El clima tenso que generó el equipo de Walter Perazzo tras clasificarse a cuartos de final con gran angustia en Medellín a expensas de Egipto (2-1) pareció extenderse a la caribeña ciudad de Cartagena en los dos días previos al partido.
La aparición de la selección Albiceleste en el césped del estadio Jaime Morón generó sonoros silbidos y abucheos por contra de la recepción amistosa y con aplausos dispensada a los jugadores de Ilidio Vale.
Los primeros compases del partido también insinuaron que los de Perazzo no tendrían sosiego al ejecutar faltas y menos al desperdiciar oportunidades, pero pasado un cuarto de hora de provocaciones, las preferencias se ajustaron en las tribunas y emergió entonces el aplauso generoso para premiar el esfuerzo de lado y lado.

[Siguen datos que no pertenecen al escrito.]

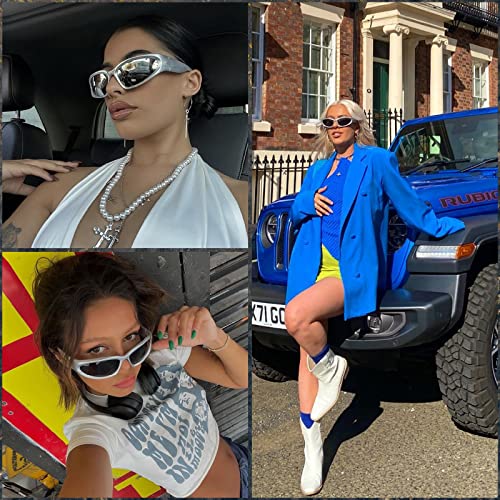 JASPIN Y2K Wrap Around Sunglasses for Women Men Sliver Oval Fashion Trendy Sport Shades UV400 Eyeglasses2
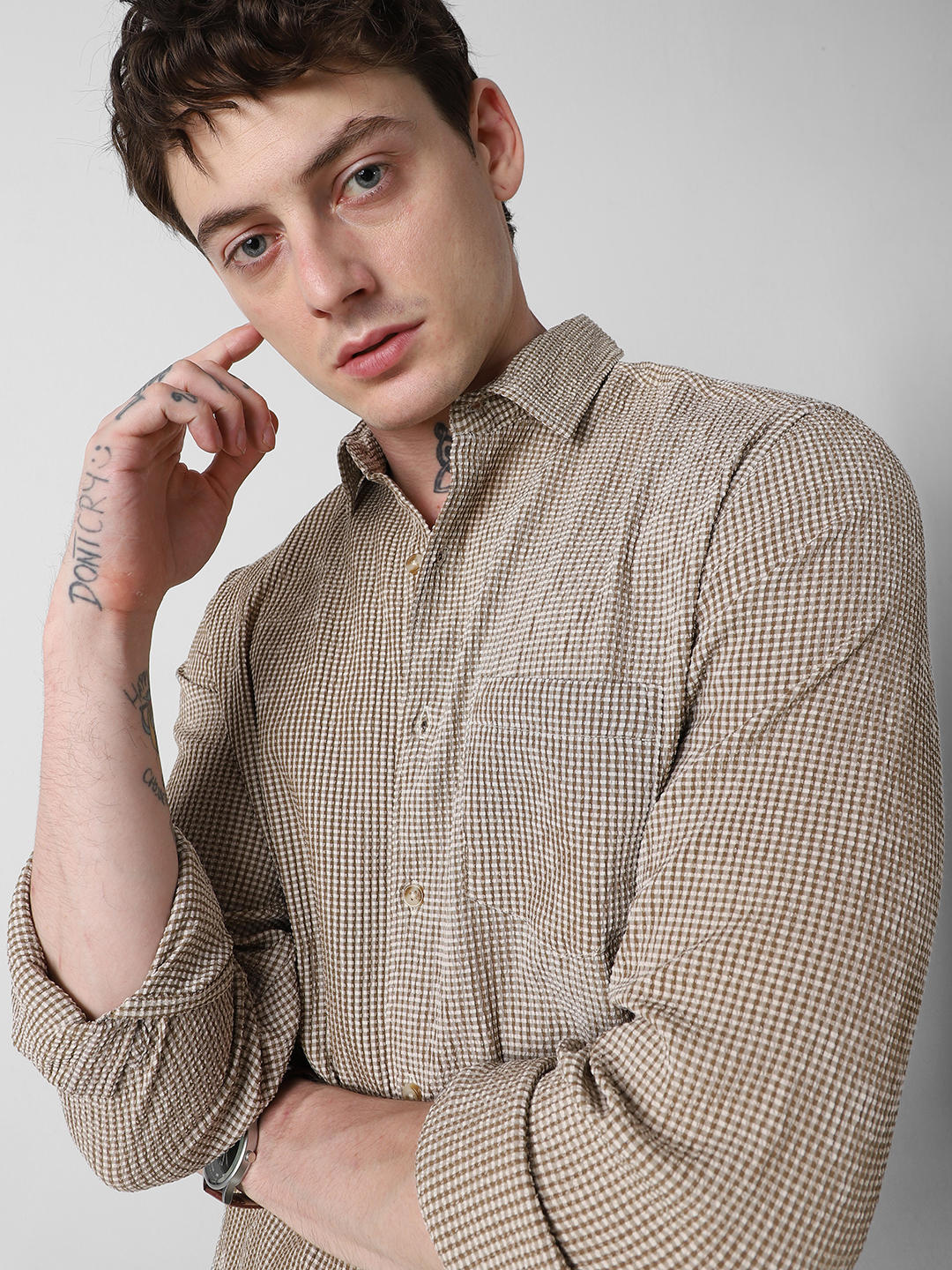Coffee Brown Tiny Checkered Seersucker Shirt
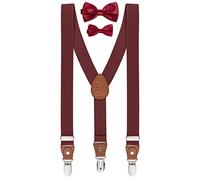 BomGuard Bretelle per bambini adolescenti set, vino rosso + papillon vino rosso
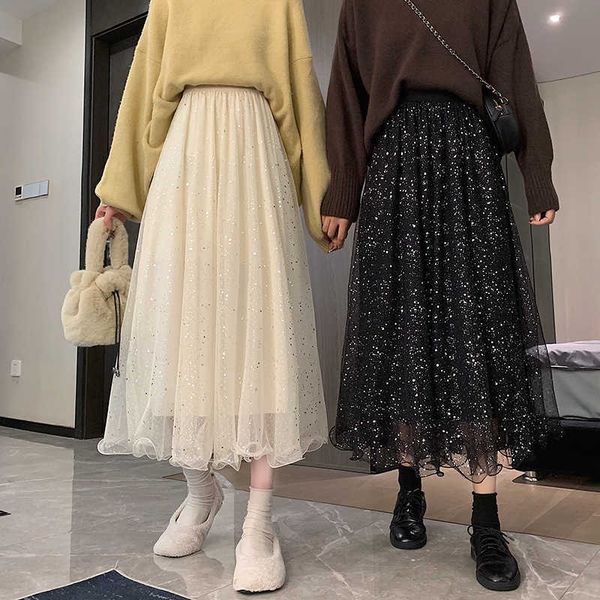 

skirts star bling bright summer long women elastic waist korean casual ankle-length sweet vintage mesh skirt harajuku loose z338 k, Black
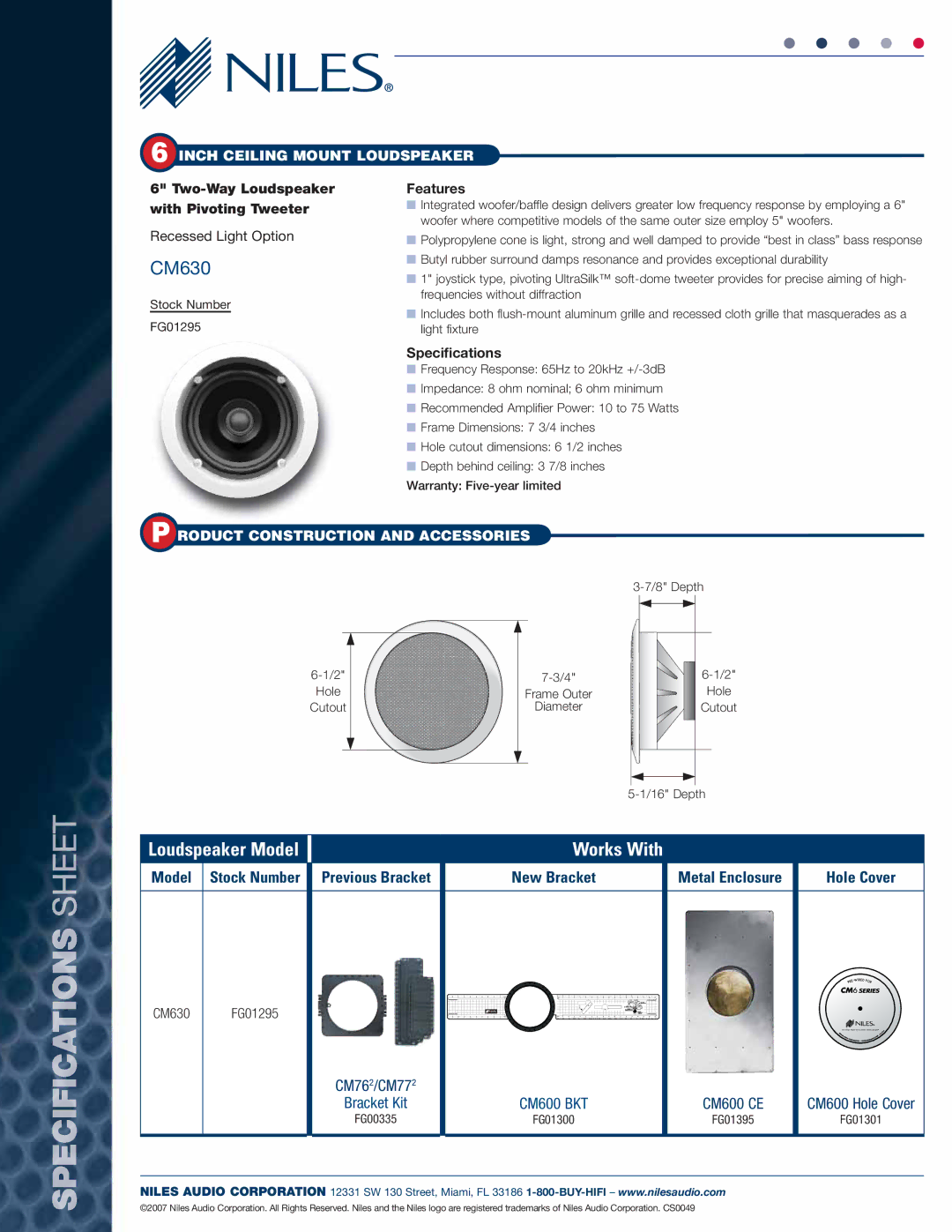 Niles Audio SR14 manual Works With, Two-Way Loudspeaker with Pivoting Tweeter, Features, Specifications 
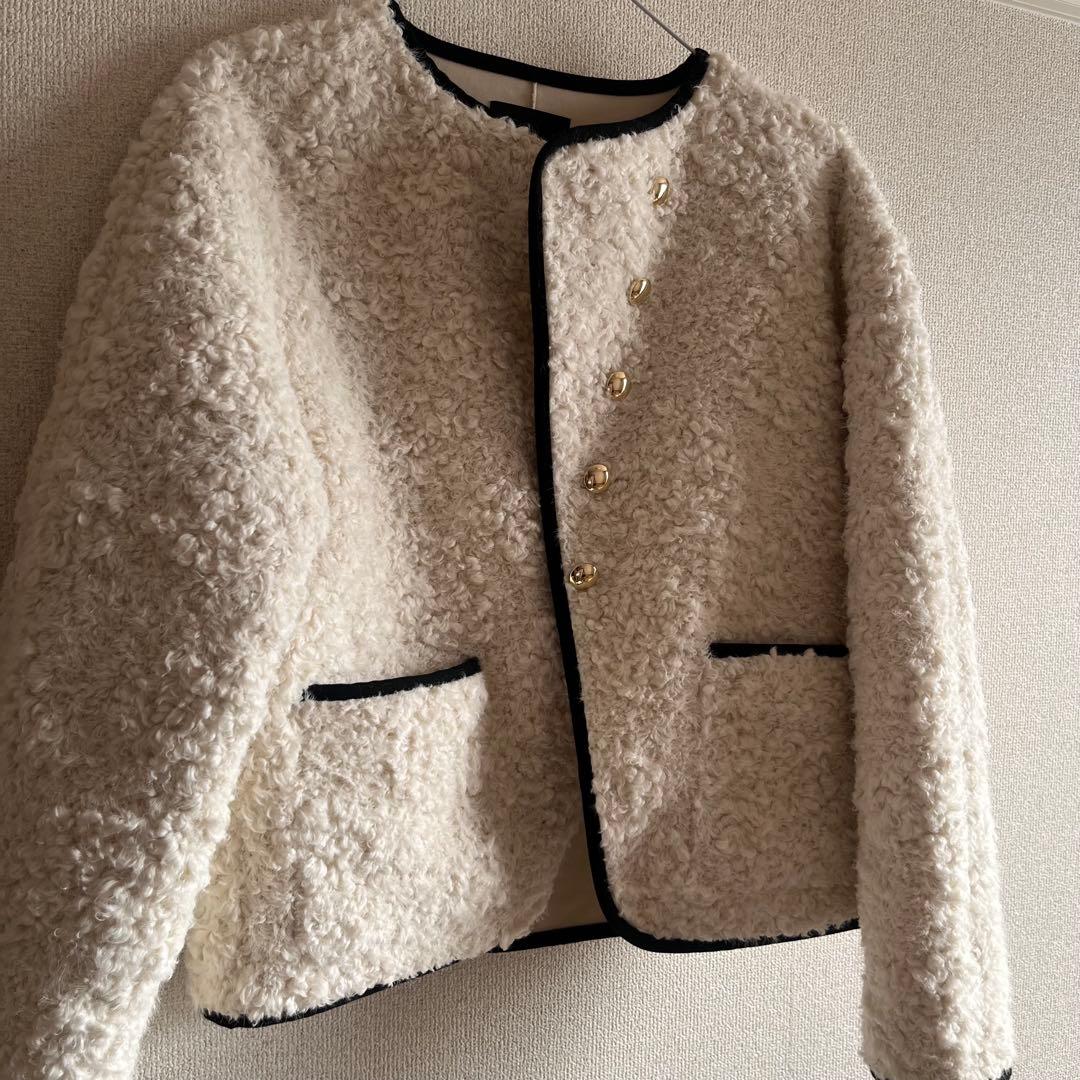 新品タグ付き　anuans ECOPEL パイピングボアジャケット　1サイズ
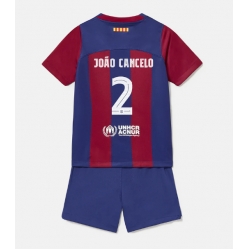 Barcelona Joao Cancelo #2 Heimtrikot Kinder 2023-24 Kurzarm (+ kurze hosen)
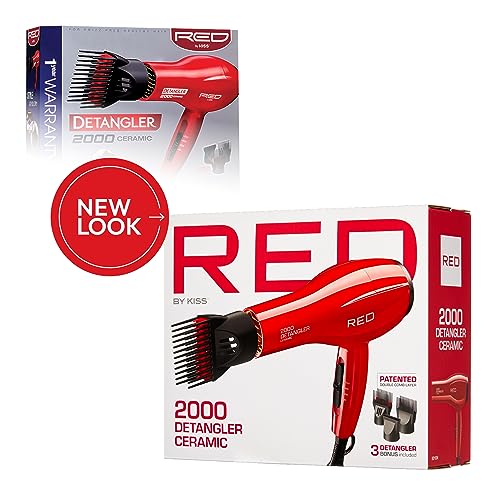 Detangler Hair Dryer with 3 Attachments - Lightweight Ionic Salon Tool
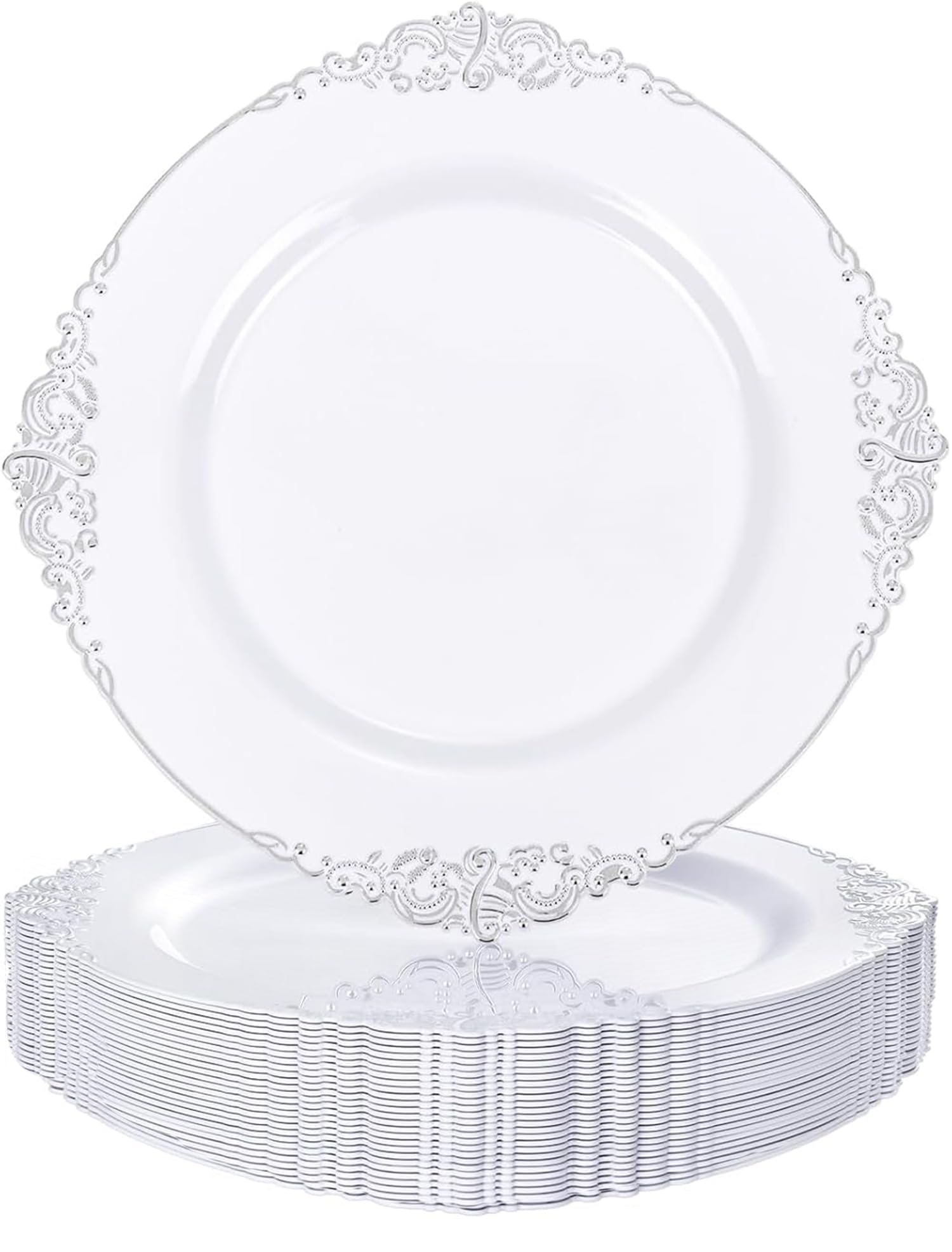 ZTDIXF 25 Pack 10.5 Inch Silver Rim Plastic Plates, Heavy Duty Disposable White Dessert & Salad Plates, Elegant Vintage Design Fancy Hard Tableware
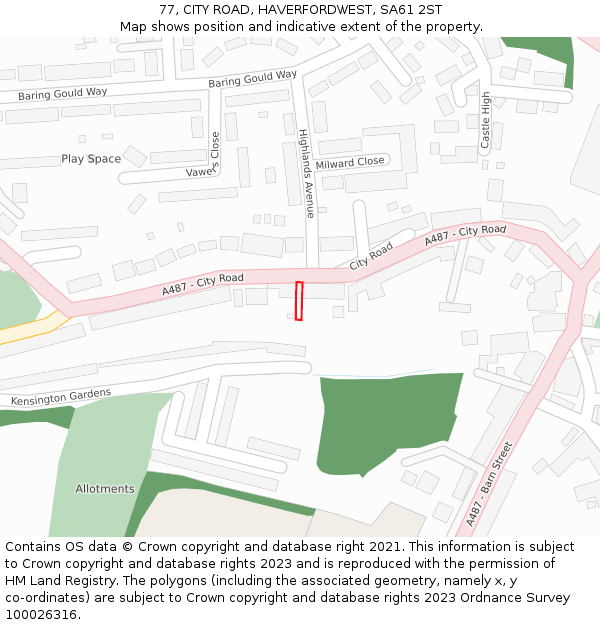 77, CITY ROAD, HAVERFORDWEST, SA61 2ST: Location map and indicative extent of plot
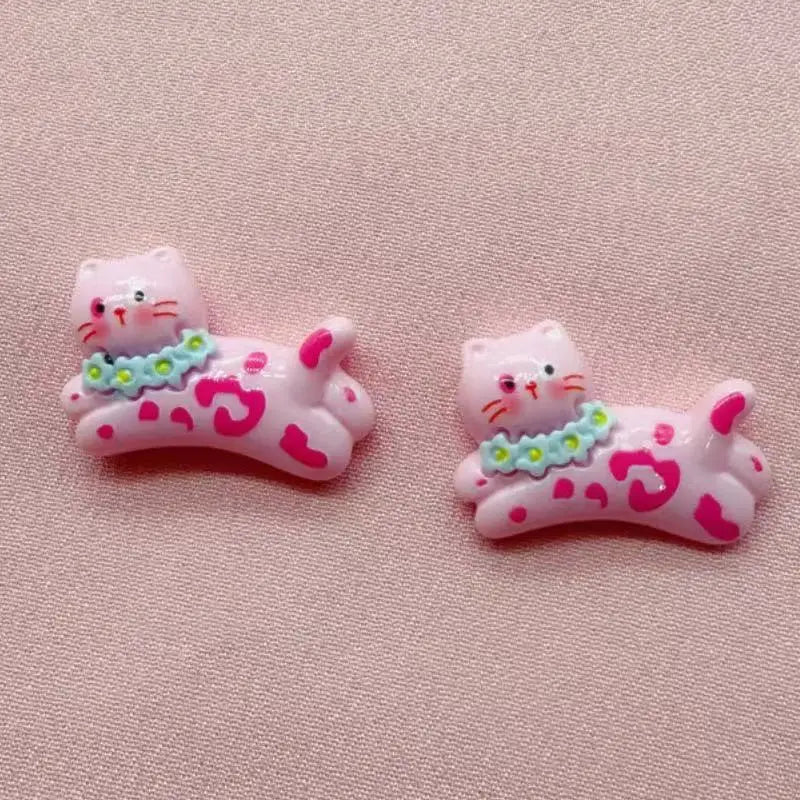10pcs cartoon DIY resin accessories accessories, cat cream rubber hair clip, phone case, shoe buckle, keychain pendant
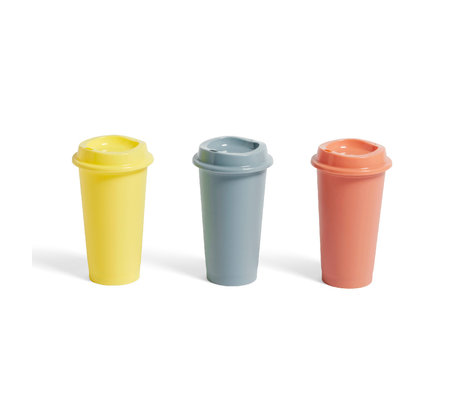 HAY Coffee cup Paquet terracotta yellow plastic set of 3 Ø9x16cm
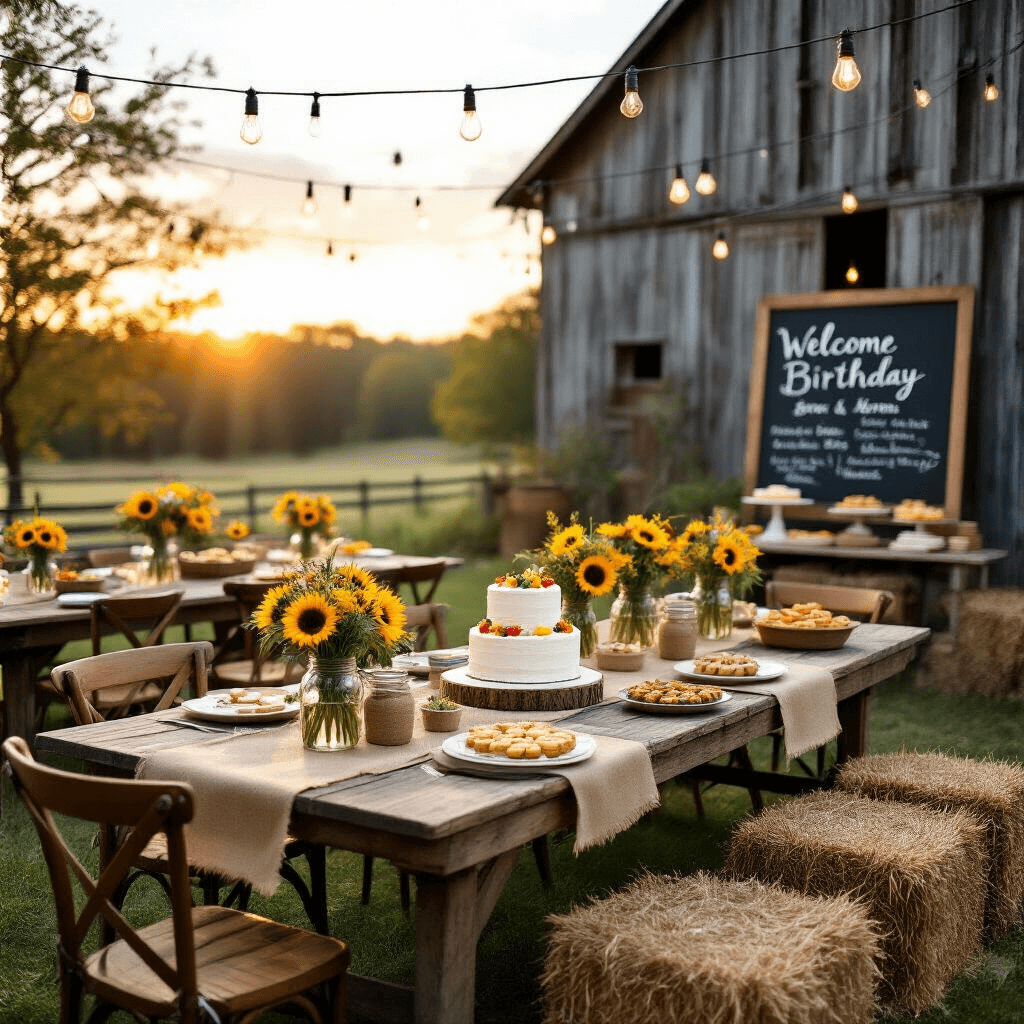 A rustic-chic outdoor birthday celebration with wooden farm tables, burlap runners, and mason jars of flowers amidst a weathered barn backdrop, featuring mismatched chairs, hay bales, Edison bulb lighting, a chalkboard welcome sign, and a dessert table with a naked cake and homemade pies.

Argentina pareció entonces que jugaba de local cuando Esteban Andrada detuvo dos lanzamientos en la tanda de penaltis y daba a Argentina una ventaja, que parecía abismal.
Pero el desenlace inesperado, con el remate desperdiciado por su compatriota Leandro González Pirez y las dos atajadas soberbias de Mika a Alan Ruiz y Nicolás Taglifico, volcó la balanza a favor de Portugal.
El seleccionador Ilidio Vale agradeció al público por el apoyo en los momentos decisivos dado a sus pupilos, pero quedó en el ambiente que Argentina tuvo el suyo, no recibió hostilidad, y que los hinchas supieron reconocer el esfuerzo con sacrificio de Erik Lamela y compañía.